El sacerdote Dévemy, además, era sensible al arte. Cuando fue a París para encontrarse con su amigo, el sacerdote Couturier, que lo había invitado a una exposición, quedó impactado por una vidriera realizada por Georges Rouault, que representa el rostro de Cristo durante la Pasión.
“Por casualidad, la vidriera trababa perfectamente en una de las ventanas de la iglesia de Assy”, dijo.
A Léger, que había ido a París con Couturier, se le propuso realizar la decoración del gran muro de la fachada.
La obra, completamente realizada en mosaico, representa las Letanías de la Virgen en una fusión de colores.
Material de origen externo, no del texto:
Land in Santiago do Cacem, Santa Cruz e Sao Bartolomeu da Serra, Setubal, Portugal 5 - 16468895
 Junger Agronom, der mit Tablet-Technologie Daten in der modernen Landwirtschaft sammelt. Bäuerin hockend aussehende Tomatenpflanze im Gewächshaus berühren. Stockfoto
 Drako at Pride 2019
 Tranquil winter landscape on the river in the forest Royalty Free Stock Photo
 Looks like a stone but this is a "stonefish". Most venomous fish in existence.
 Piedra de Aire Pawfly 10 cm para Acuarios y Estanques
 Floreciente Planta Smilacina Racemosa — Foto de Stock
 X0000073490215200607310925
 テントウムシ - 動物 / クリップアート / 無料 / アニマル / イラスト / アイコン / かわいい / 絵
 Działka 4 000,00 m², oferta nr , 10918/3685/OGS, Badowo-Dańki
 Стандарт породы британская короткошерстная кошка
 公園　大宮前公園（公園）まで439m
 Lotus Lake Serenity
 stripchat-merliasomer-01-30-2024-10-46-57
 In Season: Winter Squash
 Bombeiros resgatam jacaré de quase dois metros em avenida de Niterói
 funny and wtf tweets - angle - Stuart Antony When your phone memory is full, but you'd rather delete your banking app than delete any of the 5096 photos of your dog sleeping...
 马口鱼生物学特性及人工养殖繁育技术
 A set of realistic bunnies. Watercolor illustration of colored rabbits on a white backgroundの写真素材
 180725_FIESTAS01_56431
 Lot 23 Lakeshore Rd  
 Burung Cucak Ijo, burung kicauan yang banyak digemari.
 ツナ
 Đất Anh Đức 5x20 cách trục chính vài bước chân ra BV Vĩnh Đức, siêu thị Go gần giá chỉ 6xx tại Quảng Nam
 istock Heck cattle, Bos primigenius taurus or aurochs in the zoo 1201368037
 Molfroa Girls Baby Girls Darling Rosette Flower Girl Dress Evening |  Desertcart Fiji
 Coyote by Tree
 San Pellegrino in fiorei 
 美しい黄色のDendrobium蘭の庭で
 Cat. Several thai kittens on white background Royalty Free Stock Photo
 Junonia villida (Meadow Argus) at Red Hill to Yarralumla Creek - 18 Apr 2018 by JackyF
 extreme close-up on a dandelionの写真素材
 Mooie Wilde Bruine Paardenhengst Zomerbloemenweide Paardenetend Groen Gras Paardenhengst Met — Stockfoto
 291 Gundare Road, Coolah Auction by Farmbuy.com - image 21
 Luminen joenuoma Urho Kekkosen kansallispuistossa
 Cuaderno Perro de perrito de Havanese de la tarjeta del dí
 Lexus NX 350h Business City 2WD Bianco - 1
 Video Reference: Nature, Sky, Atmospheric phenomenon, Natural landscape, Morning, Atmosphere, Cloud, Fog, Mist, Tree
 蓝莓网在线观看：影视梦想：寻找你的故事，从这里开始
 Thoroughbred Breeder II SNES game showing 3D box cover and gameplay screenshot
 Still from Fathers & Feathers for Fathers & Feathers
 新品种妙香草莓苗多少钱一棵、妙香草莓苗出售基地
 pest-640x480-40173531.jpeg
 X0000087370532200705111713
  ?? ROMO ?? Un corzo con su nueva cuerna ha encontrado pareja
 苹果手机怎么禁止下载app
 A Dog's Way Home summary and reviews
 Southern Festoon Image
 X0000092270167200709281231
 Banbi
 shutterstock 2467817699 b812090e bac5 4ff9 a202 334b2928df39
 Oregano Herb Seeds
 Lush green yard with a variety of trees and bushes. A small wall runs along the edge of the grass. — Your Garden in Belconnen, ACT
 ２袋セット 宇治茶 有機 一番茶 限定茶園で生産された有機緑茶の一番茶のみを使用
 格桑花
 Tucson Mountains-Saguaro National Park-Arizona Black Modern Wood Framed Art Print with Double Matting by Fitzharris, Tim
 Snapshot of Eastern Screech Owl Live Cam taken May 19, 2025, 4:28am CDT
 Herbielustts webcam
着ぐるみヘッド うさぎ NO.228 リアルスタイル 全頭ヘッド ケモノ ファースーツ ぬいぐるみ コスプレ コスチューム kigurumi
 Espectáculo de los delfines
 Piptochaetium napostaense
Así, declaró con emoción Maurice Novarina, el arquitecto de la iglesia de Assy, durante una conferencia en la Academia de las Bellas Artes en 1996:
Cuando una buena mañana Léger llegó al terraplén frente a su obra magistral apenas terminada, estaba a su lado y lo sostenía por el brazo. De repente, lo sentí vacilar y me agarró fuertemente la mano. Su emoción era grande, tenía lágrimas en los ojos. Ese hombre de aspecto rudo como una roca era de una gran sensibilidad. Me permití decirle: “Maestro, usted ha sido tocado por la Gracia“. Un poco arisco y lleno de pudor, se inclinó hacia mí y me dijo algunas palabras conmovedoras. La luz estaba en él.